Searchlight results of Experiment 4. A, MVPA performance on classifying behavioral choices is shown for the time window of 140–200 ms after the first scene onset. B, SVR performance on the asymmetry of visual complexity in the time window of 140–200 ms after the first scene onset. C, SVR performance on the asymmetry of object complexity in the time window of 360–420 ms after the first scene onset. The pentagrams illustrate significant clusters at TFCE one-tailed, p < 0.05.

Movie 1.

Video of an example trial to illustrate the experimental procedure of Experiment 2.

Collectively, MVPA and searchlight analyses consistently demonstrated the evidence of early neural correlates of scene memory distortion and visual complexity in the time window ∼100–200 ms and a late representation of object complexity ∼300 ms after the first scene image onset.

Discussion

Our findings revealed that scene memory was distorted upward and downward, causing AOV biases in subsequent judgments. In this regard, we deduced that the normalization process distorted scene memory in the encoding stage, resulting in subsequent judgment bias. Two lines of evidence supported this conclusion. First, the asymmetry of scene complexity and subjective AOV ratings could predict the behavioral AOV bias scores. Second, the fMRI and MEG experimental results revealed that the AOV biases were associated with cortical processing during the early encoding stage of scenes and V3/V4, PPA, and OPA regions were involved.

Mechanisms of AOV bias

The normalization theory posits that scene representations should be normalized toward a prior distribution to minimize errors associated with noisy perceptual inputs (Bartlett, 1932; Hemmer and Steyvers, 2009). In previous research, subjects’ fixations were centered latitudinally on the horizon when they freely explored a virtual reality environment, demonstrating the typical phenomenon of the equator bias (Rai et al., 2017; Sitzmann et al., 2018). On the other hand, the subjective AOV ratings were independently obtained from another large group of subjects and were normally distributed around the prototypical head-up AOV. Thus, this head-up AOV could be the prototypical viewpoint along the vertical axis. Notably, scenes with a lower subjective AOV rating than the head-up AOV were more likely associated with an up AOV choice and vice versa. Therefore, we deduced that the biased choices could be a direct consequence of the normalization process toward the prototypical head-up AOV.

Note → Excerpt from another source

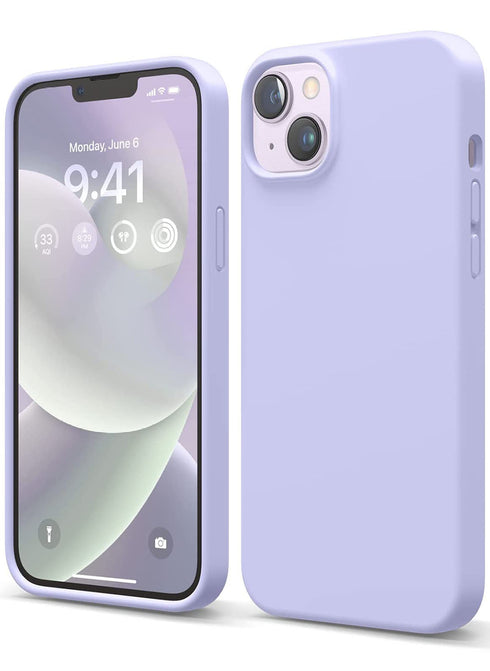elago iPhone 14 PLUS Case Liquid Silicone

Furthermore, the positive coefficients of the complexity asymmetry indicated that scenes’ intrinsic complexity information was involved in AOV bias. Recent research established that boundary transformation could be influenced by the number of objects and semantic information (J. Park et al., 2021; Greene and Trivedi, 2023). These findings suggested that the goal of boundary transformation is to normalize the amount of semantic information held in memory. Akin to this mechanism of boundary transformation, the relationship between complexity and AOV bias may also reflect an underlying cognitive process to balance the amount of visual and object complexity information at the top and bottom halves of each scene.

Notably, AOV bias focuses on memory distortion of scene images and may not reflect the memory patterns in naturalistic vision exploration. Herein, scene images were briefly presented within the foveal and parafoveal visual fields. Furthermore, the pitch of the subjects’ head position was well controlled in all experiments. These experimental designs limited the potential confounds of the subjects’ eye movement and head position, further ensuring that the AOV bias was the result of generic scene-processing activities in the brain. However, to examine the effects on subjects under natural visual explorations, future investigations with larger ecological capacities are required.

We speculated that AOV bias and boundary transformation are different aspects of the same memory distortion process—normalization toward the prototypical viewpoint of a scene. According to the current study, as well as other previous investigations, the normalization process is reflected in two aspects: shifting the viewpoint in memory toward a high-probability viewpoint and balancing the amount of information in the scene. Moreover, the regression analysis of the free adjustment task showed that boundary transformation was not a significant predictor of AOV bias, showing that AOV bias cannot be attributed to boundary transformation.

AOV bias in the feedforward sweep of scene processing

The decoding performance of AOV bias and visual complexity asymmetry arose at the same time interval (peaked ∼170 ms after the first image onset) in the occipital sensors of the MEG experiment. Furthermore, previous electroencephalography research revealed that the influence of low-level visual features on the scene-related signal begins early (100–200 ms) in occipital electrodes (Groen et al., 2013, 2016). The overlapped decoding of AOV bias and visual complexity, as well as the associated early time window, indicate that memory distortion first occurred at the feedforward sweep of the scene's representation.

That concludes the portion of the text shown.